* **Entries shown**:
· · · · · · ·

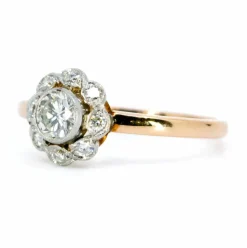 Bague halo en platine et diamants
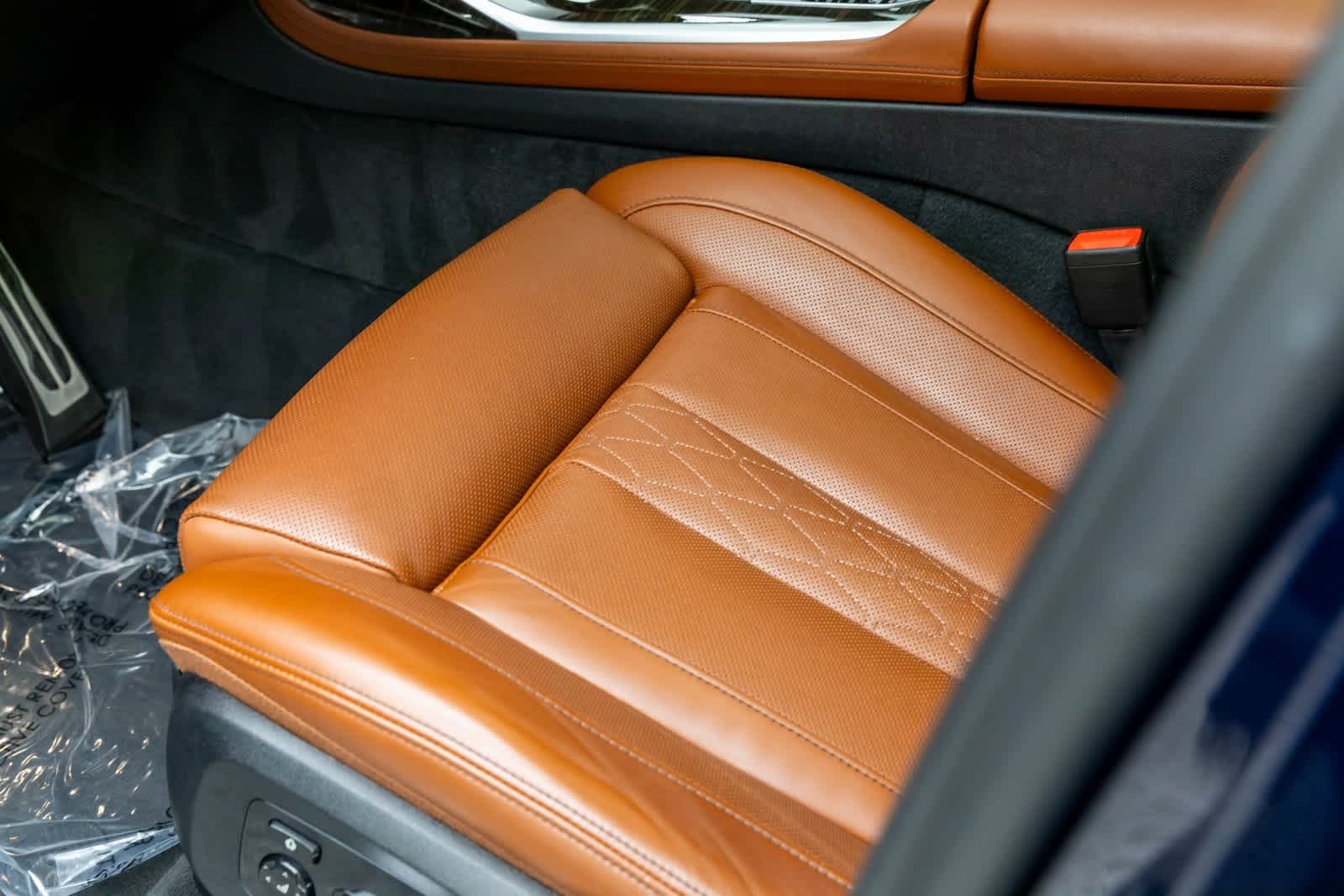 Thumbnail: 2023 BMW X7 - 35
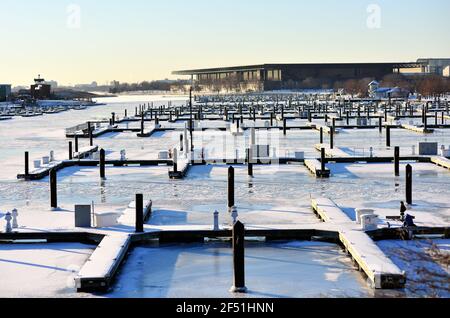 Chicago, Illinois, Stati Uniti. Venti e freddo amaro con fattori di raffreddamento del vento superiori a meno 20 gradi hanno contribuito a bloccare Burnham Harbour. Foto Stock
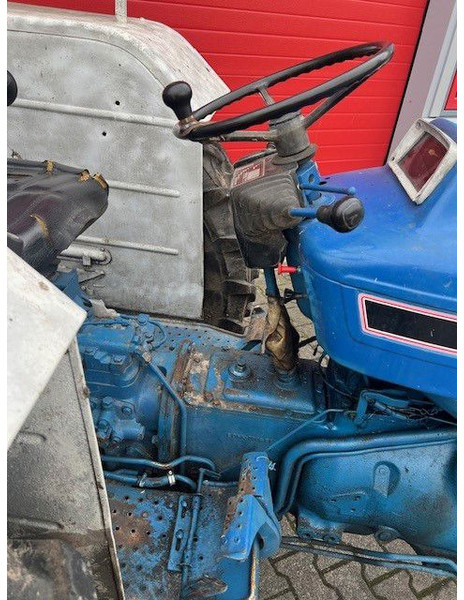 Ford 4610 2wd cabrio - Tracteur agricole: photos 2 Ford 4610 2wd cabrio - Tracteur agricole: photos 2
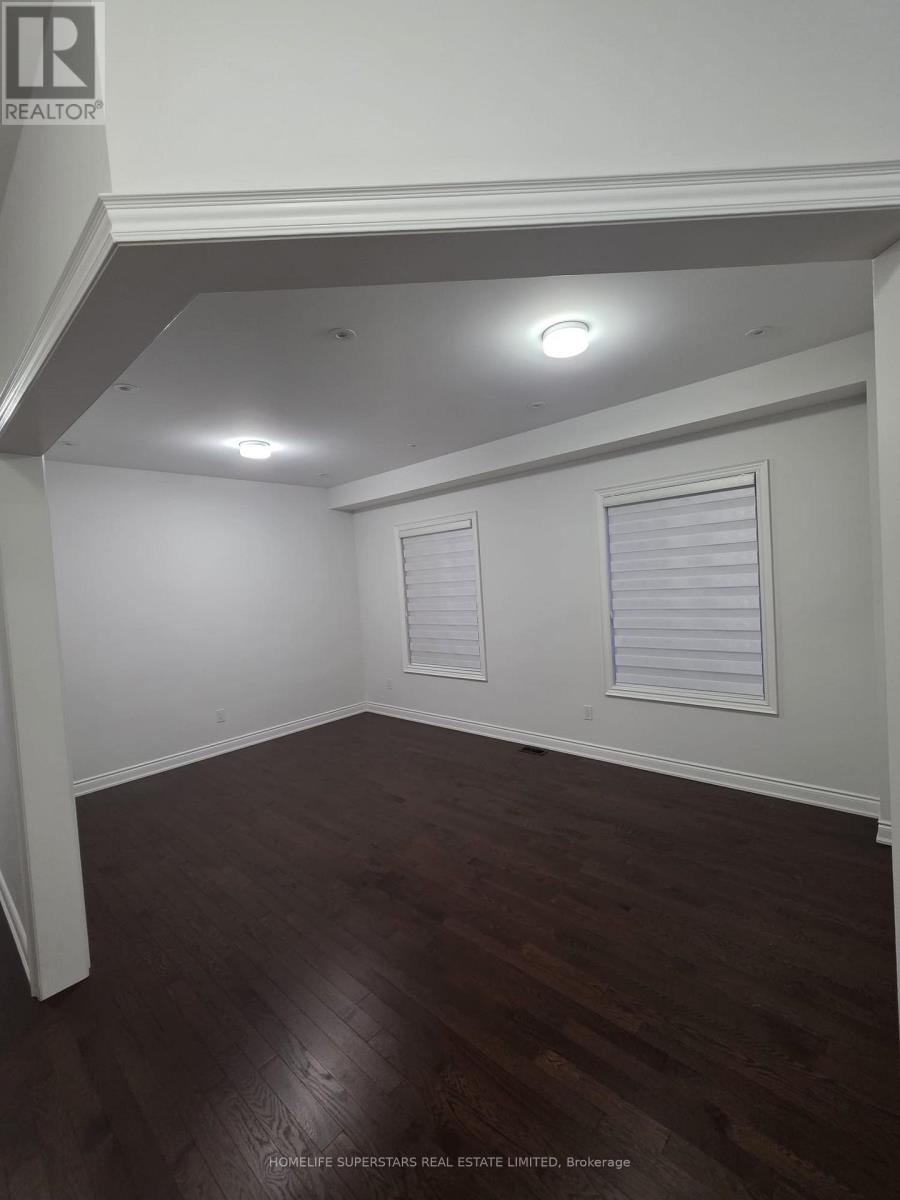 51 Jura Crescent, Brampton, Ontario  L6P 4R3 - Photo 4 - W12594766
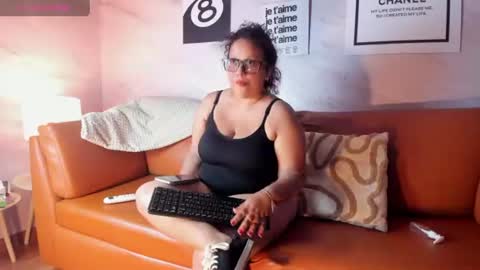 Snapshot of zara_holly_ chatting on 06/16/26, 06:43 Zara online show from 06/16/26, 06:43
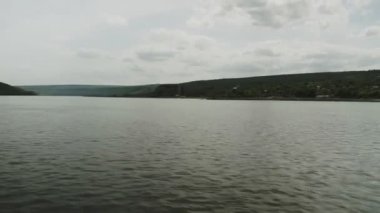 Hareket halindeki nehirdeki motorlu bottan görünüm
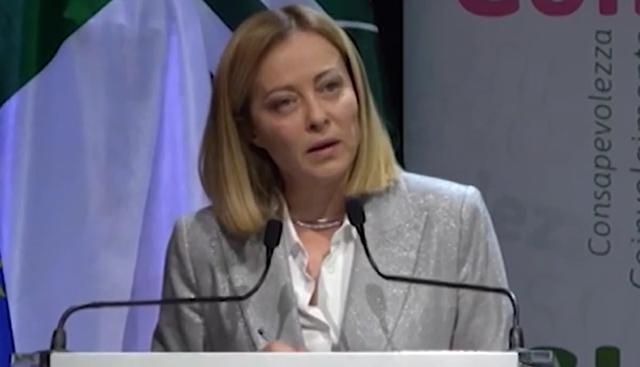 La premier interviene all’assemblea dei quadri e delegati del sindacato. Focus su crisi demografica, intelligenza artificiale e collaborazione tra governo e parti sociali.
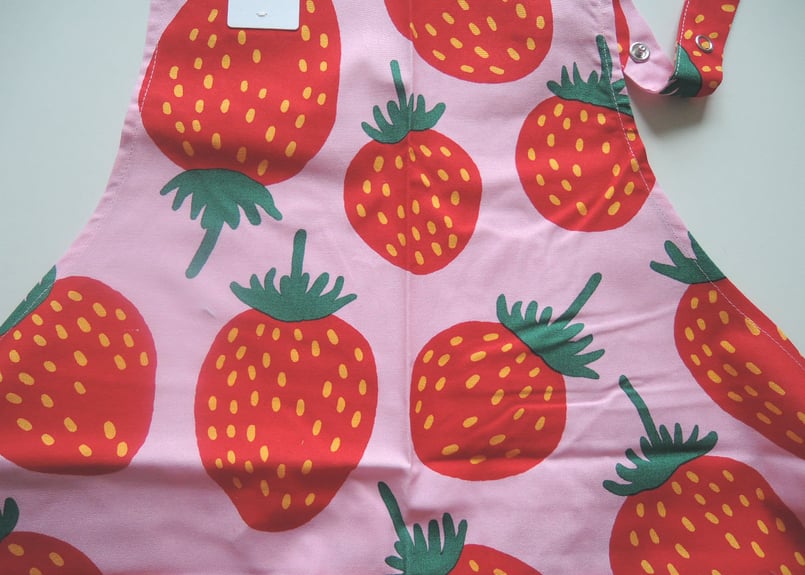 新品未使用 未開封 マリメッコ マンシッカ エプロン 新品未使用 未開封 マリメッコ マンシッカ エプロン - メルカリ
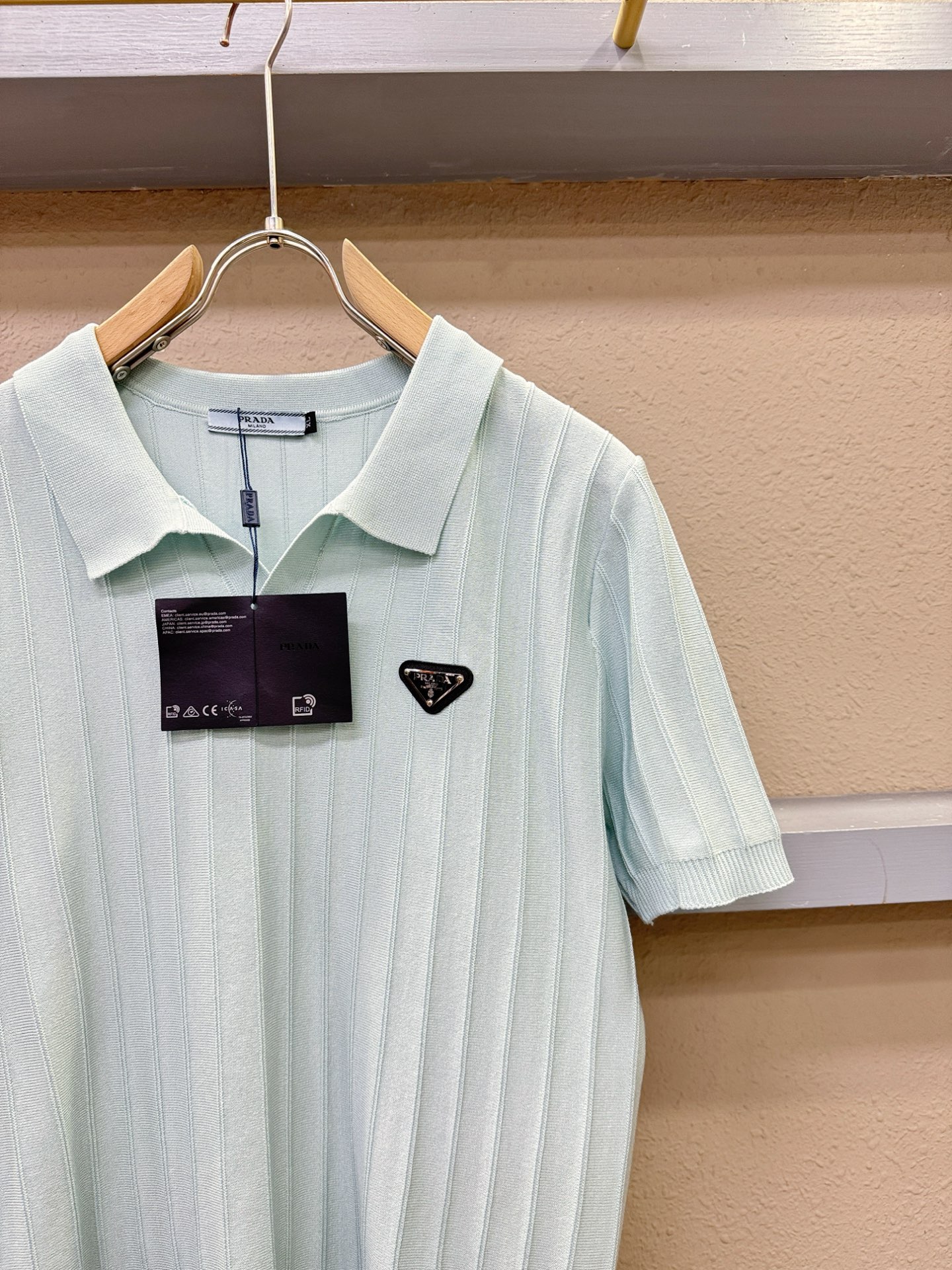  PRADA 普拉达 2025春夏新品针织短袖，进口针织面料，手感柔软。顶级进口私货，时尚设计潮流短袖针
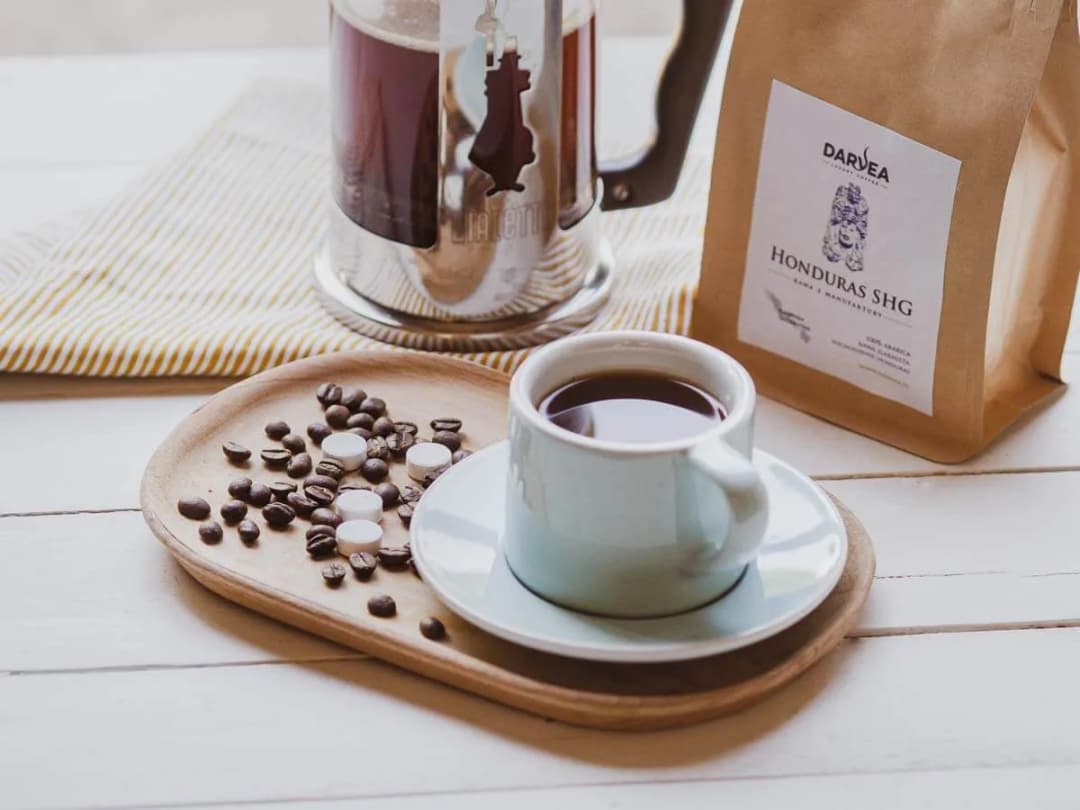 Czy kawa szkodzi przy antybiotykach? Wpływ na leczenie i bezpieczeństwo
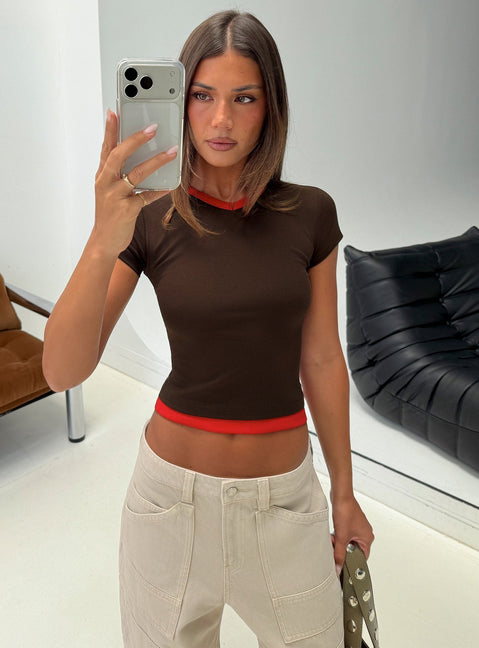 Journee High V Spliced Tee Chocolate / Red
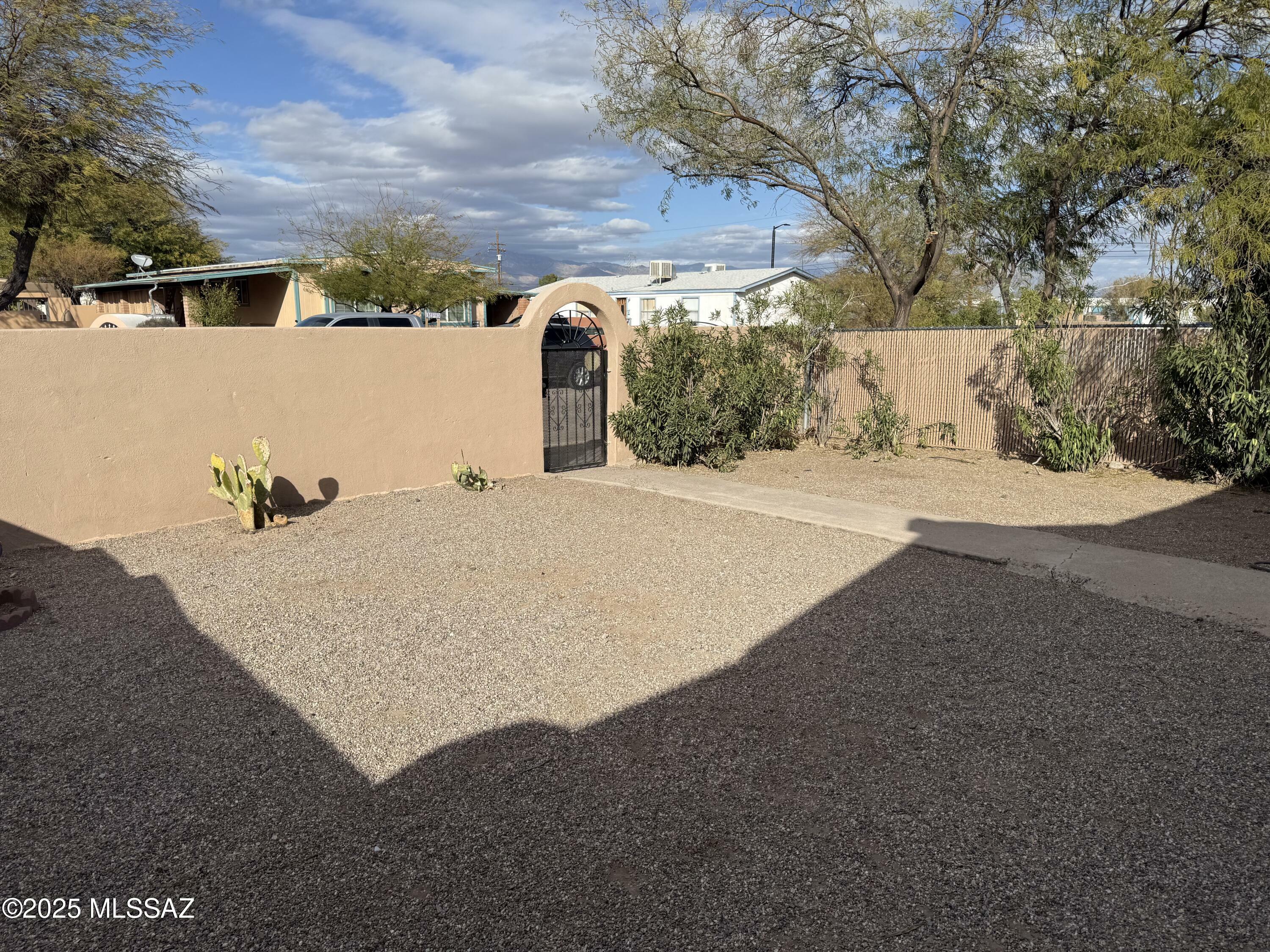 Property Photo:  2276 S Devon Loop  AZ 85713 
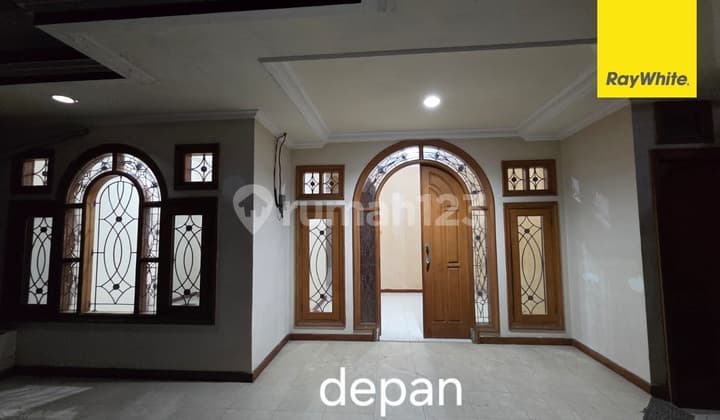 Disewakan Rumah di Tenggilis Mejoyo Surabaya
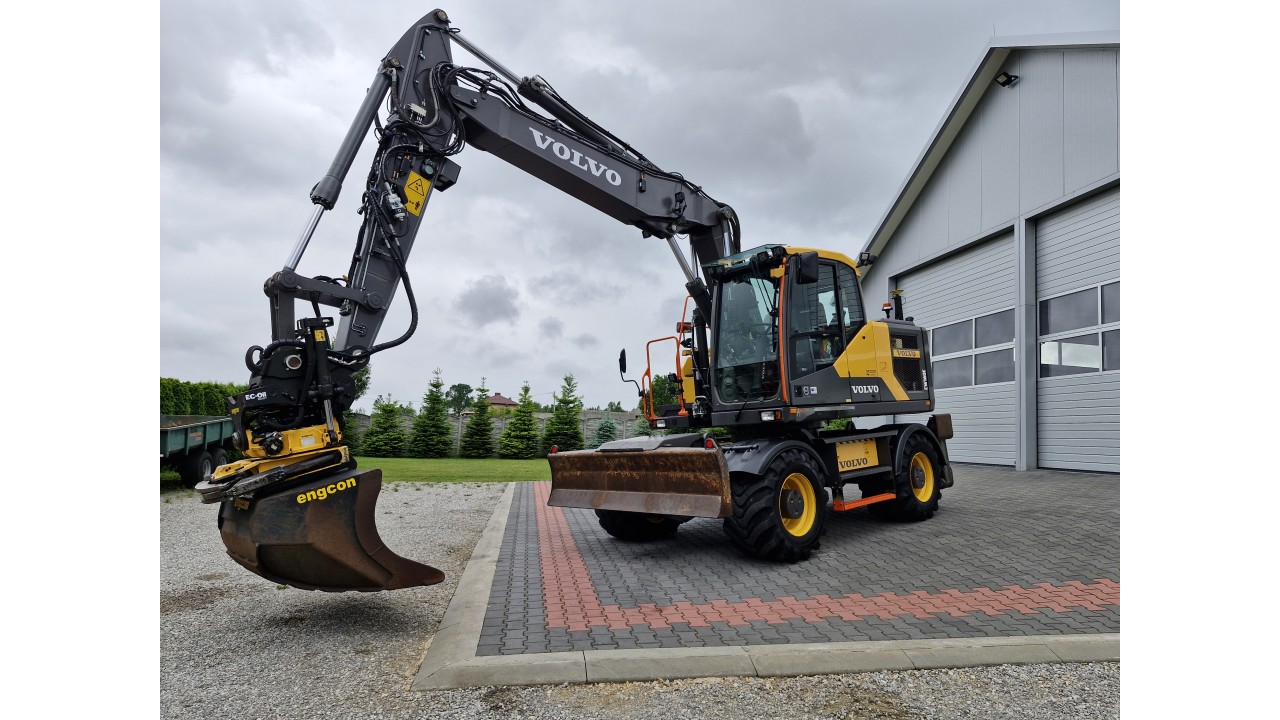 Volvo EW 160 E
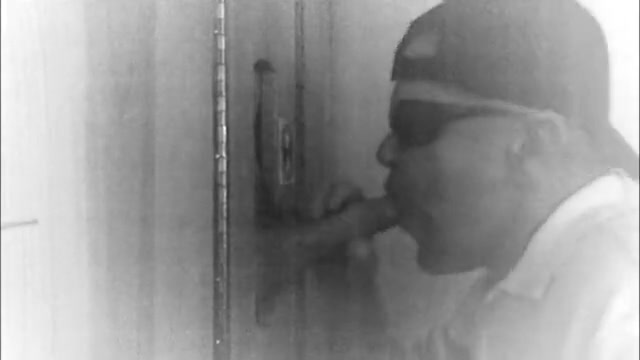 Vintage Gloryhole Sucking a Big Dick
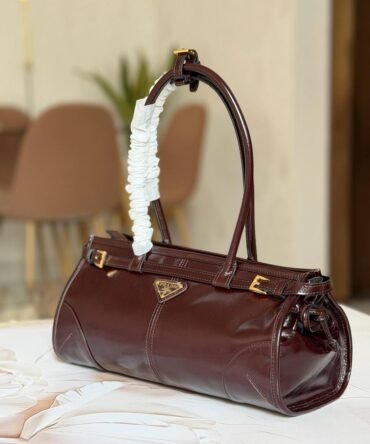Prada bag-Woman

· · · · · · ·

* **What is expected**:
Nothing but the lines from the one containing "2276 S Devon" through the last line of the material may appear in the answer, transcribed exactly and with no pictures.

* **Task output**:
 Property Photo:  2276 S Devon Loop  AZ 85713 
 Disewakan Rumah di Tenggilis Mejoyo Surabaya
 Volvo EW 160 E
 Vintage Gloryhole Sucking a Big Dick
Prada bag-Woman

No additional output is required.